(O Estado de S. Paulo, 23) O dólar está por todas as partes. Antes, os venezuelanos viam a moeda americana apenas em raros vislumbres. Um garçom disposto a arriscar um tempo na prisão podia ser persuadido a aceitá-las pelo preço certo. Turistas mostravam as notas verdinhas no aeroporto. Vendedores ambulantes faziam ofertas por elas, quase sussurrando.
Agora, elas estão empilhadas nas gavetas de caixas de supermercados, armazéns e até nas canecas dos mendigos. Os ricos dão gorjetas para valets de estacionamento e sacam maços de US$ 20 para pagar por baldes de cerveja. Operadores de câmbio acomodam-se em esquinas movimentadas nas favelas e gritam: “Compro dólares, compro dólares”.
Com o bolívar quase sem valor, relegado à irrelevância pelo presidente Nicolás Maduro, o dinheiro impresso pelos americanos – que o chavismo tanto odeia – tornouse uma presença constante na vida dos venezuelanos. E são as notas que trazem a face de Benjamin Franklin que mantêm viva a economia do país.
Até recentemente, usar dinheiro estrangeiro era um crime que o governo ameaçava processar com gosto. Depois que os chavistas estabeleceram controles cambiais, em 2003, começaram a patrulhar transações que iam contra as regras kafkianas sobre o dinheiro. Inspetores vestidos com roupas comuns montavam operações e invadiam empresas.
Pouquíssimos acabaram atrás das grades, mas o governo conseguiu assustar todo mundo. Os venezuelanos mantiveram as notas americanas escondidas por medo de mandar sinais para sequestradores e policiais. As conversas eram sempre em código e um novo léxico foi criado nas ruas: o dólar virou “alface”. Mesmo na clandestinidade, muitas transações eram concluídas em dólares. Aqueles que recebiam as traiçoeiras notas americanas fechavam nervosamente janelas e portas, enquanto desferiam olhares desconfiados e indiscretos para os compradores.
Agora, a inflação atingiu seis dígitos e a fome finalmente começou a desmantelar a complicada confusão dos controles cambiais. Hoje, as autoridades não piscam quando os dólares são trocados. O governo está falido e desajustado demais para ditar termos comerciais. O socialismo do século 21 deu lugar ao capitalismo selvagem.
A liberalização das regras, que começou em agosto do ano passado, foi bem-vinda para qualquer um cansado de lidar com a quantidade de zeros envolvidos nos preços do bolívar, puxando pacotes de notas inúteis e rezando para que o leitor de cartão de crédito funcionasse pelo menos uma vez.

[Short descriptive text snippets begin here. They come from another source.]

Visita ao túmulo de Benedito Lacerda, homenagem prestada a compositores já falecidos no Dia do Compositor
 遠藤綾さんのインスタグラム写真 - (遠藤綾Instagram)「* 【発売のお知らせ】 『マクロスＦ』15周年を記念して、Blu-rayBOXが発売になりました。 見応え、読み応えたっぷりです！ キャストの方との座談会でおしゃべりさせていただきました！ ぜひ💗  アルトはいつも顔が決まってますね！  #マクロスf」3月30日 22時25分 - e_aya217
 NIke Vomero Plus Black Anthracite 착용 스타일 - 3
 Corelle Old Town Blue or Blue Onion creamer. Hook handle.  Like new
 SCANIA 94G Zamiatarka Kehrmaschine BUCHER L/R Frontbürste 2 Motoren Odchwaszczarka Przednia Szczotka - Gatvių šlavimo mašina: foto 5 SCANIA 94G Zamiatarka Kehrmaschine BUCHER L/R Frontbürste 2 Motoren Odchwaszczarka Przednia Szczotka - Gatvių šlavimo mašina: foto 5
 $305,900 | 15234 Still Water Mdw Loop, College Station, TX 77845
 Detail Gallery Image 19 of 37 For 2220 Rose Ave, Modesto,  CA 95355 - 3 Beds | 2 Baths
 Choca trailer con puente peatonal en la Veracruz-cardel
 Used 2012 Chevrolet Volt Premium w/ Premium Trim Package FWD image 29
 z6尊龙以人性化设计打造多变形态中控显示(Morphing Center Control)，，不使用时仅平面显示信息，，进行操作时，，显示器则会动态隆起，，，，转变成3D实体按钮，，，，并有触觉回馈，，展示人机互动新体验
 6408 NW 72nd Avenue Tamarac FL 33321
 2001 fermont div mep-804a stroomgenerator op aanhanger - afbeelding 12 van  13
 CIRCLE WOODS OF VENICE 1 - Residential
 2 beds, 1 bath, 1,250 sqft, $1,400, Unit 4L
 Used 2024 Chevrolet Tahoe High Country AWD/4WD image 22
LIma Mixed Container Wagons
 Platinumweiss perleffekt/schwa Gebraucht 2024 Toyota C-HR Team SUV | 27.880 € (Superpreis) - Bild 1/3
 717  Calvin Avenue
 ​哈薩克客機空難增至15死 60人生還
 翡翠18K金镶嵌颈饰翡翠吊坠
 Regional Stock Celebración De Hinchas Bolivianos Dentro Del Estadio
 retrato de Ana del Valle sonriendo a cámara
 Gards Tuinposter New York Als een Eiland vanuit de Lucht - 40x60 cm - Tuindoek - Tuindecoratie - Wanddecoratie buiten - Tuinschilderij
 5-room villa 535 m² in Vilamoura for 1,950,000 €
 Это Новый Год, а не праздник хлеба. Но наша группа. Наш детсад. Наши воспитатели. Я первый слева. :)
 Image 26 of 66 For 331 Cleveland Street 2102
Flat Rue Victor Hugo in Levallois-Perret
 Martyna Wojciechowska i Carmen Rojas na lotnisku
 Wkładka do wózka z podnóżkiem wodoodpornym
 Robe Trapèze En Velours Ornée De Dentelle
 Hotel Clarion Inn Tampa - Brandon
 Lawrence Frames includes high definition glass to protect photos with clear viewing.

Os apagões, quando a maior parte da Venezuela fica sem energia e sem sistema bancário, aceleraram a dolarização da economia. Na escuridão, carregar dinheiro era a única maneira de ter certeza de que se conseguiria fazer qualquer tipo de compra.
Algumas lojas e restaurantes já exibem os preços em dólar. Na região leste de Caracas, os estabelecimentos oferecem de tudo, desde cereais Fruit Loops a biscoitos caseiros e garrafas de Budweiser. Tudo tabelado em dólar. Os funcionários também aceitam transferências eletrônicas, via Zelle ou PayPal, facilitando a vida de quem não carrega dinheiro. Estima-se que 30% de todas as transações são feitas em dólares hoje na Venezuela – um porcentual que tende a crescer. Entre os opositores, também se intensifica o debate sobre adotar ou não a moeda após a volta da democracia. A maioria dos venezuelanos, porém, já fez sua escolha.